Federal Trade Commission, Consumer Information

Crucial Steps to Take if Your Email Has Been Hacked

Many years ago Yahoo users fell victim to one of the largest data breaches in internet history.  Names, passwords and email addresses for every single customer account on the company’s servers were exposed in a cybersecurity attack.  This attack was very sophisticated – three billion users across multiple services under Yahoo’s umbrella were left vulnerable as a result of the hack.   In late 2017 the complete details surfaced after Yahoo’s parent company was made aware of the nature of the attack.

Whether you use services such as Yahoo Mail, or providers such as Microsoft, Google and Apple, you should be aware about the security of your own email address. After all, your email may be the single most important digital asset you own.  All communication is typically related to your professional networks, personal relationships, and credentials for every other digital service for which you’ve signed up.   All of this data can be used for identity theft, financial fraud, a vehicle for spam, and blackmail.  While there are safeguards you can implement to deter cyber thieves from accessing your personal account, in a severe breach these best practices may not be enough to prevent your email account from being hacked.

If you suspect that you have been targeted, quick action on your behalf is always required to prevent further damage.  If you are in the office, communicate with your IT Administrator immediately.  If you are at home either contact an IT professional, or follow these steps to try and recover your compromised email account. (Remember, in a widespread and very severe breach, these best practices may not be enough to recover your account, and there may be future damages to recover from).

Try to change your password.  You will need to verify whether your email address is still accessible. Most hackers will immediately change your password to prevent you from using your account. If you are able to secure entry before this has been done, you can reduce the threat of further attacks.

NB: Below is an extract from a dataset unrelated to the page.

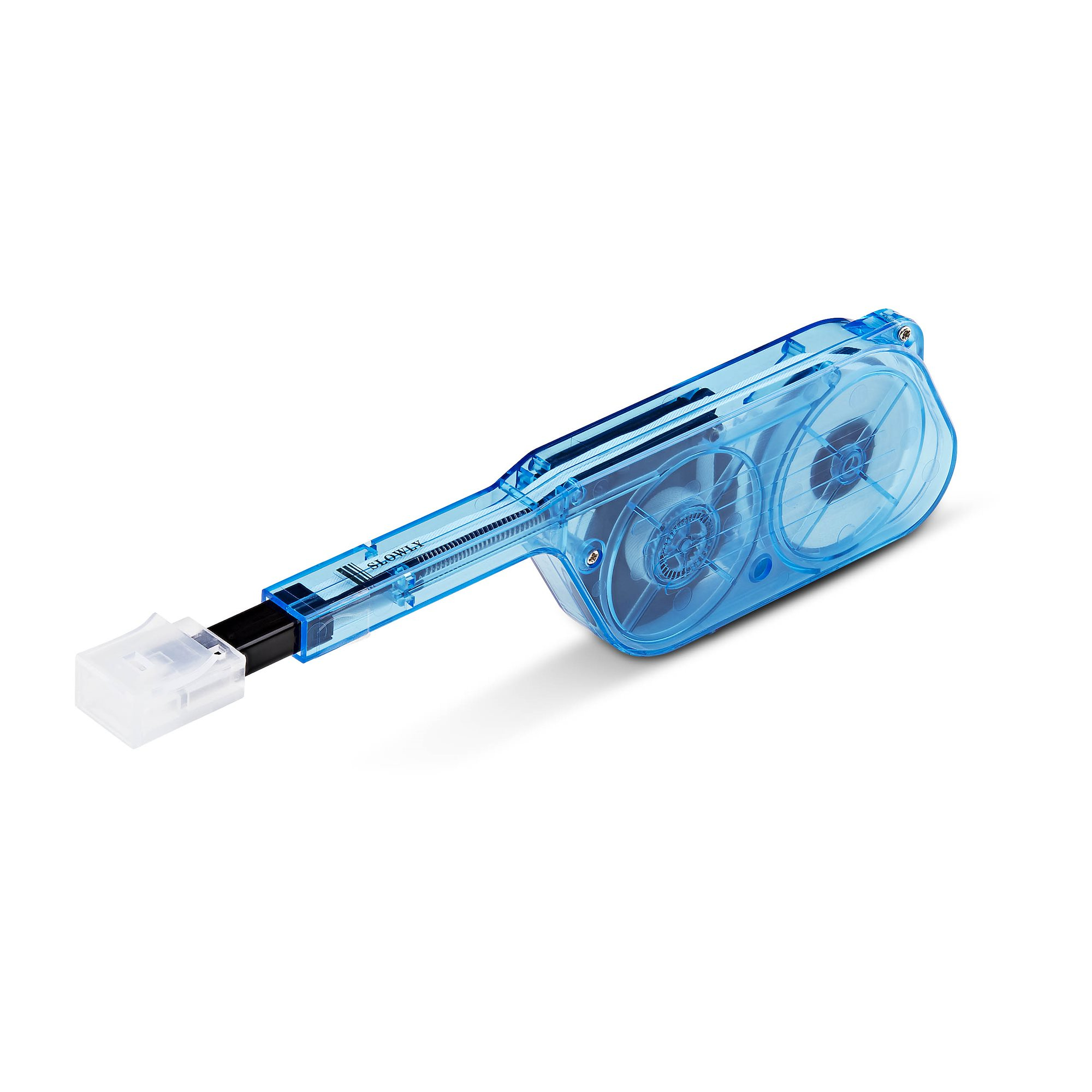 StarTech.com Fiber Optic Cleaning Pen MPO/MTP StarTech.com — view 2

  • Make sure your new password differs completely from your last one, and don’t reference any easily guessed personal details such as your birthday or your pet’s name. Ideally, your password should be at least 10 characters long, and it should include a special character and number.
  • In addition, you should look to change your answer to any secret questions used in the account recovery process. After doing so, confirm that the alternative email addresses and phone numbers associated with your email account are not changed.
  • If you are having trouble regaining control of the account, visit your mail provider’s site for instructions on recovering your account. Apple, Google, Microsoft and Yahoo all have guides on their sites, as should other email and internet service providers.

Email everyone on your contact list including business associates, family members and friends about the breach. Next, get in touch with your email provider and report the details. Not only will this alert them to future infiltration attempts, but they may also be able to provide you with further details about the incident and where the access attempts came from.

If you feel sensitive information like bank records have been compromised, you should reach out to a credit reporting agency and have them track your personal credit activity in the months following the incident.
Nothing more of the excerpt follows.